Column descriptions Not populated. Must be manually entered per column. Automatically pushed from dbt column YAML files after every run.
Table-level lineage Not supported. The scanner only captures item-level lineage (e.g., Lakehouse → Notebook → Lakehouse), not which specific table was derived from which other tables. Full table-level lineage graph based on dbt's ref() and source() dependencies.
Business metadata Not populated. No built-in mechanism to attach tags, test results, or custom metadata to table entities. Automatically creates a dbt_metadata business metadata type with model ID, tags, materialization, test names, test results, custom meta, and sync timestamp.
Automation Runs on a scan schedule configured in Purview. Runs automatically after every dbt run via on-run-end hook, or on-demand via dbt run-operation.

In short: the built-in Purview integration discovers what exists in Fabric at the item level (Warehouses, Lakehouses). This dbt integration goes deeper: it registers individual tables and columns, adds what each table means (descriptions), shows how tables relate to each other (lineage), and documents what guarantees are in place (tests, tags, metadata).

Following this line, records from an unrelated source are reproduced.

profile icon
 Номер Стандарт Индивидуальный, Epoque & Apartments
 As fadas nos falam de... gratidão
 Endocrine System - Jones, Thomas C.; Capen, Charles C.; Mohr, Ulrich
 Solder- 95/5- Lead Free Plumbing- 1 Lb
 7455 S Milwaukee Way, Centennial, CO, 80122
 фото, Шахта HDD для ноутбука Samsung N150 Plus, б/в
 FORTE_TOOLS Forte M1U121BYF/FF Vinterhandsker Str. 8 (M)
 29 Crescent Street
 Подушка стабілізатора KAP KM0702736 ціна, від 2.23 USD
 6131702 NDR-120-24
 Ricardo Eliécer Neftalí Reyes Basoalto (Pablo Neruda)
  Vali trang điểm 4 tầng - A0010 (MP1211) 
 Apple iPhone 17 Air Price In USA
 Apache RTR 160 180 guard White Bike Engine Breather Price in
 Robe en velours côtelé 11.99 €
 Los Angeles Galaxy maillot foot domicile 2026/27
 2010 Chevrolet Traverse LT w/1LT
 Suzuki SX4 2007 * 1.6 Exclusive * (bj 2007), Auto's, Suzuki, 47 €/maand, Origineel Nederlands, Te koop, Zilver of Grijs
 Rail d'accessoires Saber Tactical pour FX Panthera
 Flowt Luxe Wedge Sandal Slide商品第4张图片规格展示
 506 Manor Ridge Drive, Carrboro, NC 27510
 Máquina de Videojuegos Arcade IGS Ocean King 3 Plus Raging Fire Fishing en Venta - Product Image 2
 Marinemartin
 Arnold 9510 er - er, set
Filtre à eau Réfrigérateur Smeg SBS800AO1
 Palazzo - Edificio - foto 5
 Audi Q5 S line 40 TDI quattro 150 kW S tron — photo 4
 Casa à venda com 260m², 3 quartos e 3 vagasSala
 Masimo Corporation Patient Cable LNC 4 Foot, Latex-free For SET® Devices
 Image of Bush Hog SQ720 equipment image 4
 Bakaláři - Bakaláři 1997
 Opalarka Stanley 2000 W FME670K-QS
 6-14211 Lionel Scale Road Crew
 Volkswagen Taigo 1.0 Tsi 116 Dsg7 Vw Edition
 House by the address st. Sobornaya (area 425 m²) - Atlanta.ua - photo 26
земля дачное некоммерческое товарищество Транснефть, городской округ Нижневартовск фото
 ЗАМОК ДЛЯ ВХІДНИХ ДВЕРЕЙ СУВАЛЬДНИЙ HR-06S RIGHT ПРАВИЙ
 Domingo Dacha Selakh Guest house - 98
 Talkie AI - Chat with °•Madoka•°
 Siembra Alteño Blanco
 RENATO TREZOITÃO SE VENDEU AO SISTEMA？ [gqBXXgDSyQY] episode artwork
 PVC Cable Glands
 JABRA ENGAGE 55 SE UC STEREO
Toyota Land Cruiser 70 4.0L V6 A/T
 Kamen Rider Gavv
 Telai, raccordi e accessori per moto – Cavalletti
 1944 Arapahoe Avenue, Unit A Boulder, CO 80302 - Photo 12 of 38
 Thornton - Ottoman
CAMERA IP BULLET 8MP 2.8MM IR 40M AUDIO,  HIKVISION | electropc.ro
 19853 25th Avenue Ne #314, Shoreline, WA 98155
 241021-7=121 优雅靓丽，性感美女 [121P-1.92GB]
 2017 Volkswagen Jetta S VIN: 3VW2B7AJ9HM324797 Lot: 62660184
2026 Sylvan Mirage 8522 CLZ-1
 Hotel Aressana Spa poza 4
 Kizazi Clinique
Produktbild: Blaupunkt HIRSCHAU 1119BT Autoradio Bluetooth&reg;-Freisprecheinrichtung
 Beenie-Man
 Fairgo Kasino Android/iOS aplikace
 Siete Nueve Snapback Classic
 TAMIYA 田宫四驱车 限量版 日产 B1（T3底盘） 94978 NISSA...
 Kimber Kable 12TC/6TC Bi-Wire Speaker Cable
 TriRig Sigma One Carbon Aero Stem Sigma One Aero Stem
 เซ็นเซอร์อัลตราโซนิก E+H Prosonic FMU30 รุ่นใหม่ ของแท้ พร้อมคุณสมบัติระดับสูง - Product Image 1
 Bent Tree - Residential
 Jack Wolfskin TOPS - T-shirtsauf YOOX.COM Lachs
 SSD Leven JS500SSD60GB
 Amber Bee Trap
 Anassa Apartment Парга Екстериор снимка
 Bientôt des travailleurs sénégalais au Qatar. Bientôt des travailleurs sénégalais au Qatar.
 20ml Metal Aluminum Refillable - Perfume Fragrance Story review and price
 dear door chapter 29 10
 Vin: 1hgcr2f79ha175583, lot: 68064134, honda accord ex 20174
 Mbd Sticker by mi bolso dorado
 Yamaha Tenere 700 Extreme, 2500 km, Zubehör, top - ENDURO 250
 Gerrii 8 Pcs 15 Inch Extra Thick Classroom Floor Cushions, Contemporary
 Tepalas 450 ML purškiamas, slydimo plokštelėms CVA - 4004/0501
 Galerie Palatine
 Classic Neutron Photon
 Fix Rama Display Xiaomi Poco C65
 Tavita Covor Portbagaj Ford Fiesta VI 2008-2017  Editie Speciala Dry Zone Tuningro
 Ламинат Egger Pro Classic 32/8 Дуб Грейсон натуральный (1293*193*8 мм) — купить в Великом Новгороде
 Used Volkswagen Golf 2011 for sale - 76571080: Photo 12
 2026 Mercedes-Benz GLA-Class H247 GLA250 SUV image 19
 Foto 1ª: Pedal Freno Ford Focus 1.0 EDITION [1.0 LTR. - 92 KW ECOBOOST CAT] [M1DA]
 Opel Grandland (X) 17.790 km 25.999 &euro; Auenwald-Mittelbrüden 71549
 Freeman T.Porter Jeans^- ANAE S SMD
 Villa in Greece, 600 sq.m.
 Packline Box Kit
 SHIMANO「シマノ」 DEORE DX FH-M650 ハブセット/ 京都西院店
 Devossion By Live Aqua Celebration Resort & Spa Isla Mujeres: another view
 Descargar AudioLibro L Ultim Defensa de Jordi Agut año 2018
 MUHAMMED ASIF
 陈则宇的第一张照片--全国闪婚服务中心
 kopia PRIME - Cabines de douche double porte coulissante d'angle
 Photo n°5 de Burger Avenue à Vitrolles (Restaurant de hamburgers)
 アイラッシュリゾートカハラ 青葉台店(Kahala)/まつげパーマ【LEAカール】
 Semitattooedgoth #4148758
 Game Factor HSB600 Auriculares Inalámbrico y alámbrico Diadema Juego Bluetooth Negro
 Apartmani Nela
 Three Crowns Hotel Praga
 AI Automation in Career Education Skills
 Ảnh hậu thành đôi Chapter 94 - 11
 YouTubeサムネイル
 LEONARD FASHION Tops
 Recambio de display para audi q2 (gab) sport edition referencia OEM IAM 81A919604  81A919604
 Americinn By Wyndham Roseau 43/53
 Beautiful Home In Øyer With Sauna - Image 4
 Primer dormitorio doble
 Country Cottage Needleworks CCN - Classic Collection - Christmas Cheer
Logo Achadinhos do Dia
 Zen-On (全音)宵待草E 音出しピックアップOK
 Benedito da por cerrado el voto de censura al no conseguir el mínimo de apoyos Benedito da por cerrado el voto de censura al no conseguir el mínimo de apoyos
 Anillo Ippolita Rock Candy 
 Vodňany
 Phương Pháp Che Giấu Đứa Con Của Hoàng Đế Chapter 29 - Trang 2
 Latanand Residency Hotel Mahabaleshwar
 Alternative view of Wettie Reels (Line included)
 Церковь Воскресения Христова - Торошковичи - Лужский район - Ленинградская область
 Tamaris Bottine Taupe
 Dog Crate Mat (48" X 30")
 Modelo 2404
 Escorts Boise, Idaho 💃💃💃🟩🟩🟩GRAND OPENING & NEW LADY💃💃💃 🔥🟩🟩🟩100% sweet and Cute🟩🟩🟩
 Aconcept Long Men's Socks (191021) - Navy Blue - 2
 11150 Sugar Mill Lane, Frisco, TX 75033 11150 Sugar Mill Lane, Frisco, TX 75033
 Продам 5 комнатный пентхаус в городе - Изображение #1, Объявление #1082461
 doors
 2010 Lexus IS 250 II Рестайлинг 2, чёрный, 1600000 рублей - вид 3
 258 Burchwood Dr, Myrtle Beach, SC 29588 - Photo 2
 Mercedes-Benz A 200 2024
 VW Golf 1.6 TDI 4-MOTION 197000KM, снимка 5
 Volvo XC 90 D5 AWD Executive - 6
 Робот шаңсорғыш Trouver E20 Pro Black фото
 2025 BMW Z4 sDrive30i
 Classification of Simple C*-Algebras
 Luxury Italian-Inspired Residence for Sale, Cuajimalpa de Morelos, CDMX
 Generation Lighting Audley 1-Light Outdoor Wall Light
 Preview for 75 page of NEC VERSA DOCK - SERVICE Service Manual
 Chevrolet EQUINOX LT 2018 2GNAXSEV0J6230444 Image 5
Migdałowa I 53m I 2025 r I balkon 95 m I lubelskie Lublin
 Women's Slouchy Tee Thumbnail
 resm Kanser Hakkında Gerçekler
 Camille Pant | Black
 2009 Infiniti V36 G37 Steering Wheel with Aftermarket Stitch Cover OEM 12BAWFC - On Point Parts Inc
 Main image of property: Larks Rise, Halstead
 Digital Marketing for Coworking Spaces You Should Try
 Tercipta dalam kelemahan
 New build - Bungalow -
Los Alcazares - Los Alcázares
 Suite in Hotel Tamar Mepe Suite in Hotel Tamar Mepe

No Purview scanning or live view configuration is required — the adapter creates all necessary entities directly via the Purview Data Map API. This means you can skip configuring Fabric scans in Purview entirely, which saves scan capacity costs and removes the delay between table changes and catalog updates. If you do already have scans configured, the sync works alongside them — existing entities are enriched, not duplicated.

Description and business metadata synced from dbt to a Lakehouse table in Purview

How it works

The sync uses a "search first, create if missing" approach for all entity types. If a Purview entity already exists (from live view or a scan), the sync enriches it. If no entity exists, the sync creates it via the Purview Data Map API. This means users don't need to configure live view or run scans for the sync to work.

Lakehouse tables — the sync searches for existing fabric_lakehouse_table entities and creates them if missing. Column entities (fabric_lakehouse_table_column) are created for all physical columns discovered from the database catalog.

Data Warehouse tables — the sync creates the full entity hierarchy: fabric_warehousefabric_warehouse_schemafabric_warehouse_tablefabric_warehouse_table_column. Custom Purview types are registered automatically (see Custom Purview types). If a fabric_warehouse entity already exists from live view, the sync reuses it.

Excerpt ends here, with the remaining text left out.